(Collected data)
:::::

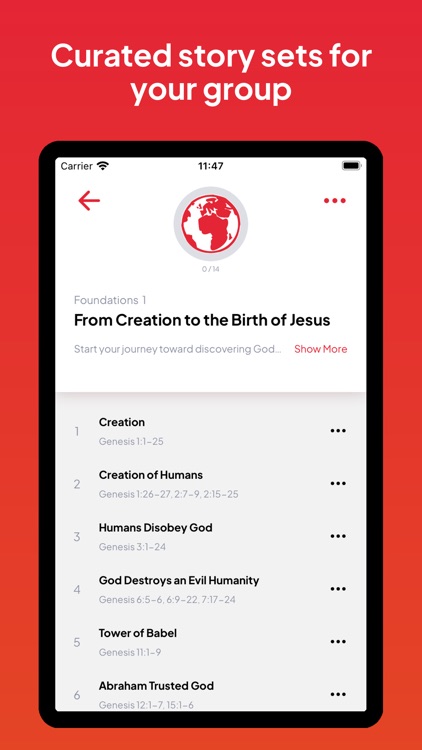 Waha: Discovery Bible Study screenshot-3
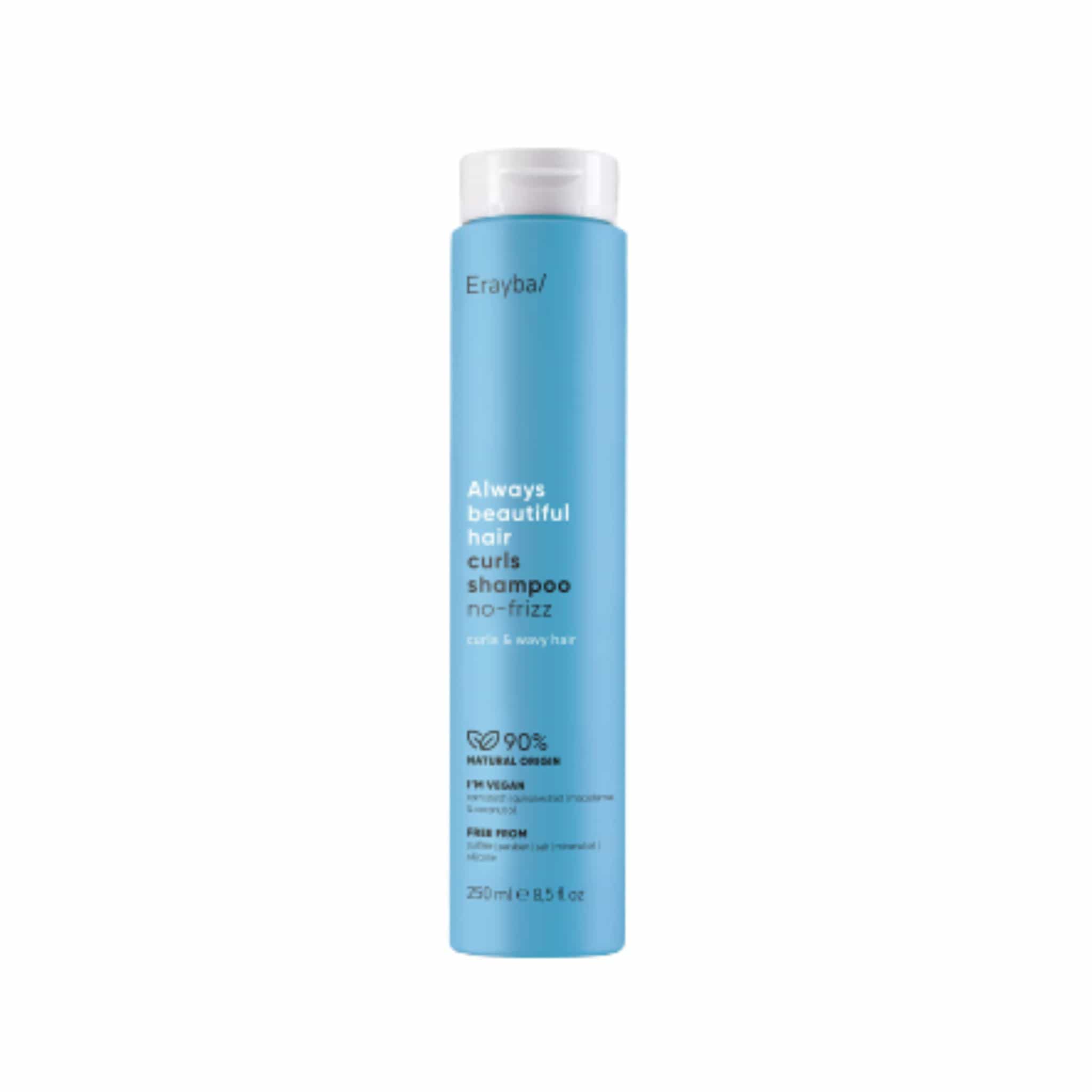 abh curls shampoo no frizz 250ml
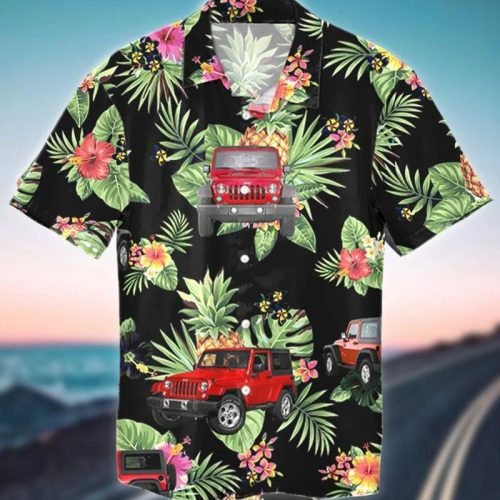 Pineapple Hawaiian Shirt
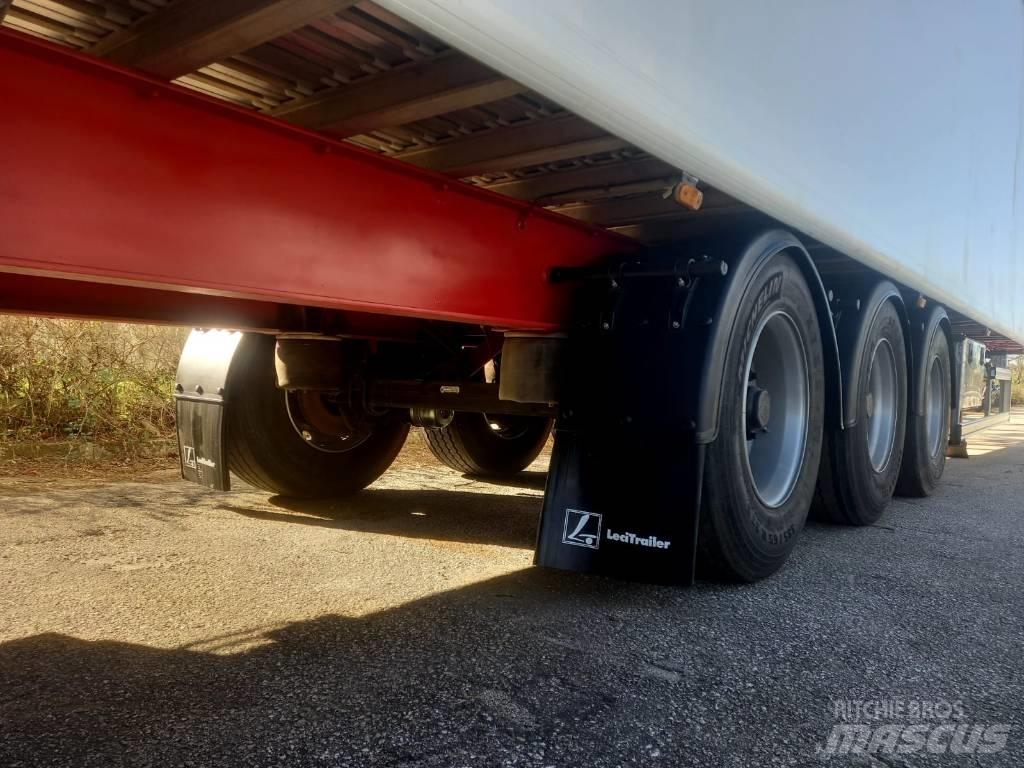 Lecitrailer PM3S Walking floor - semi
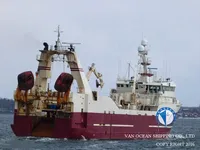 Kapal trawler kanggo didol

:::::

**To do**
Leave every image out and retype the entries above word for word.

**Result of this exercise**
 Waha: Discovery Bible Study screenshot-3
 abh curls shampoo no frizz 250ml
 Pineapple Hawaiian Shirt
 Lecitrailer PM3S Walking floor - semi
 Kapal trawler kanggo didol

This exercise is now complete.